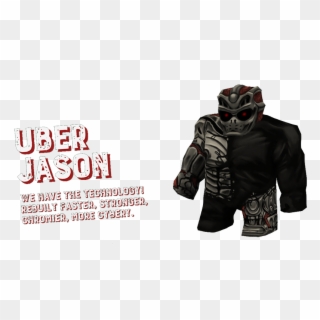 Uber Jason , Png Download Clipart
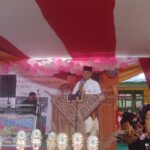 Kadis Dikbud Propinsi Bengkulu Menghadiri HUT ke 15 SMA N 10 Kota Bengkulu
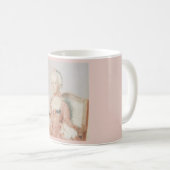 Marie Antoinette Archduchess Maria Antonia Austria コーヒーマグカップ (正面右)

════

GOAL OF THE EXERCISE:
Final stretch of the data: repeat exactly each line from the one containing "Kadis Dikbud Propinsi" through the last, and omit all pictures.

ANSWER BELOW:
 Kadis Dikbud Propinsi Bengkulu Menghadiri HUT ke 15 SMA N 10 Kota Bengkulu
 Marie Antoinette Archduchess Maria Antonia Austria コーヒーマグカップ (正面右)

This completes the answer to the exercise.